▶ **Collected material**

== == ==

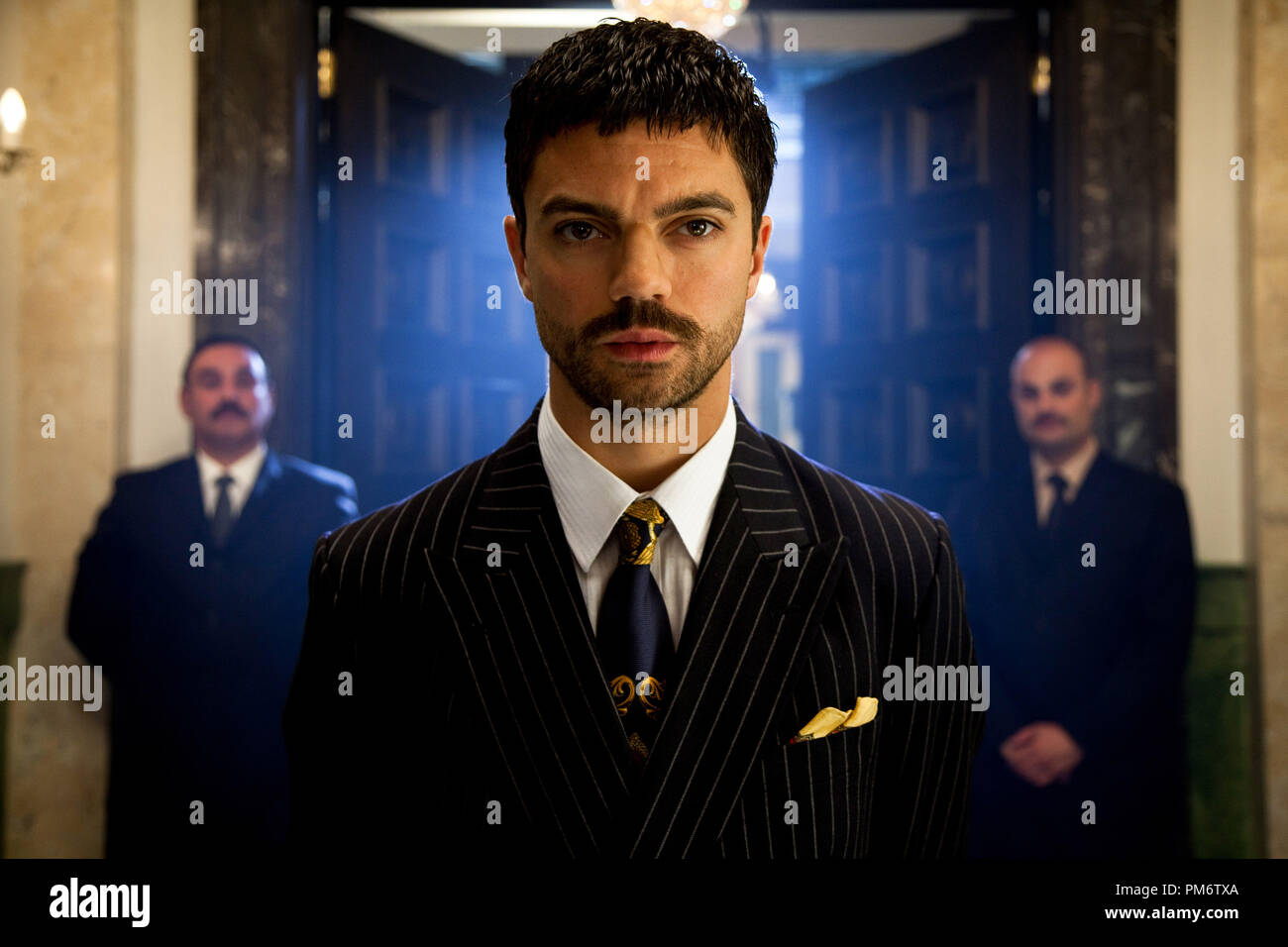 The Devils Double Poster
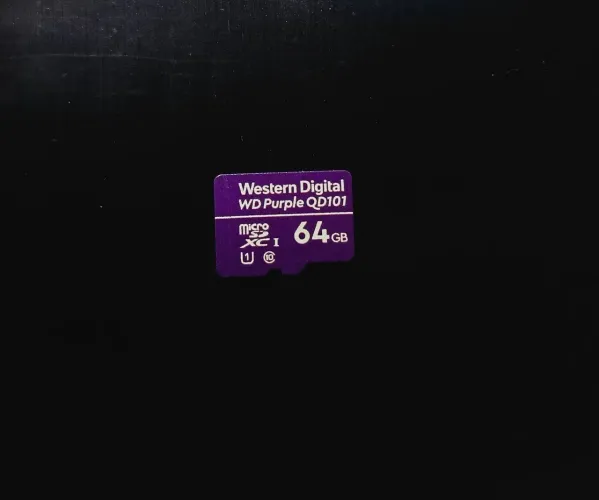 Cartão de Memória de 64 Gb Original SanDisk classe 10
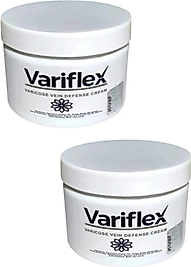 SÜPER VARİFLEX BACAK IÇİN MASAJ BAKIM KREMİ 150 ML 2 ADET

== == ==

Without altering anything, output all the lines above but none of the images.

 The Devils Double Poster
 Cartão de Memória de 64 Gb Original SanDisk classe 10
 SÜPER VARİFLEX BACAK IÇİN MASAJ BAKIM KREMİ 150 ML 2 ADET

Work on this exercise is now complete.